### ACTION ITEM:
Your task is to reproduce, exactly and only, the lines running from the line containing "Bohemian Patterns Linen" to the end of the data below, both included.

### DATASET SECTION:
****************

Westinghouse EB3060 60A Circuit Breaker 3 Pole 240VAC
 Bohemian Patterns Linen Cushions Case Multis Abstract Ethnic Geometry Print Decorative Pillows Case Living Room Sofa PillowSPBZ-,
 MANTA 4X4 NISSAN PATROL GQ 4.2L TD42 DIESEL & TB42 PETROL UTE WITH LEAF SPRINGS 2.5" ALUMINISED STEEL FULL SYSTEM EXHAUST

****************

### SOLUTION FOR THIS PROBLEM:
 Bohemian Patterns Linen Cushions Case Multis Abstract Ethnic Geometry Print Decorative Pillows Case Living Room Sofa PillowSPBZ-,
 MANTA 4X4 NISSAN PATROL GQ 4.2L TD42 DIESEL & TB42 PETROL UTE WITH LEAF SPRINGS 2.5" ALUMINISED STEEL FULL SYSTEM EXHAUST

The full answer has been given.